Task requirements
Output the data below exactly.

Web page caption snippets
========

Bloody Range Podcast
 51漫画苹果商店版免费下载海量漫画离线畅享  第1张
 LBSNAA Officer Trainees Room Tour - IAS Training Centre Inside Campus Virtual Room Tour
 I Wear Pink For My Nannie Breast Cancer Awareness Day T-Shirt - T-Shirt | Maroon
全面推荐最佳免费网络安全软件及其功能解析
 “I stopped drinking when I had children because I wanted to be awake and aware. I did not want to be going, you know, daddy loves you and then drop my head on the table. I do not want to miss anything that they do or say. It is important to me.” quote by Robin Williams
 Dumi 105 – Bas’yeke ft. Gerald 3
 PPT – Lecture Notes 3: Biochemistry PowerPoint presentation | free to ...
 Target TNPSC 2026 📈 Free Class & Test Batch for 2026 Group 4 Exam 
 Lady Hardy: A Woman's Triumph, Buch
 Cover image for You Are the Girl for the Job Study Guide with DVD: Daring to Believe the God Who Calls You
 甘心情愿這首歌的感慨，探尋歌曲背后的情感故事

========

Your solution
Bloody Range Podcast
 51漫画苹果商店版免费下载海量漫画离线畅享  第1张
 LBSNAA Officer Trainees Room Tour - IAS Training Centre Inside Campus Virtual Room Tour
 I Wear Pink For My Nannie Breast Cancer Awareness Day T-Shirt - T-Shirt | Maroon
全面推荐最佳免费网络安全软件及其功能解析
 “I stopped drinking when I had children because I wanted to be awake and aware. I did not want to be going, you know, daddy loves you and then drop my head on the table. I do not want to miss anything that they do or say. It is important to me.” quote by Robin Williams
 Dumi 105 – Bas’yeke ft. Gerald 3
 PPT – Lecture Notes 3: Biochemistry PowerPoint presentation | free to ...
 Target TNPSC 2026 📈 Free Class & Test Batch for 2026 Group 4 Exam 
 Lady Hardy: A Woman's Triumph, Buch
 Cover image for You Are the Girl for the Job Study Guide with DVD: Daring to Believe the God Who Calls You
 甘心情愿這首歌的感慨，探尋歌曲背后的情感故事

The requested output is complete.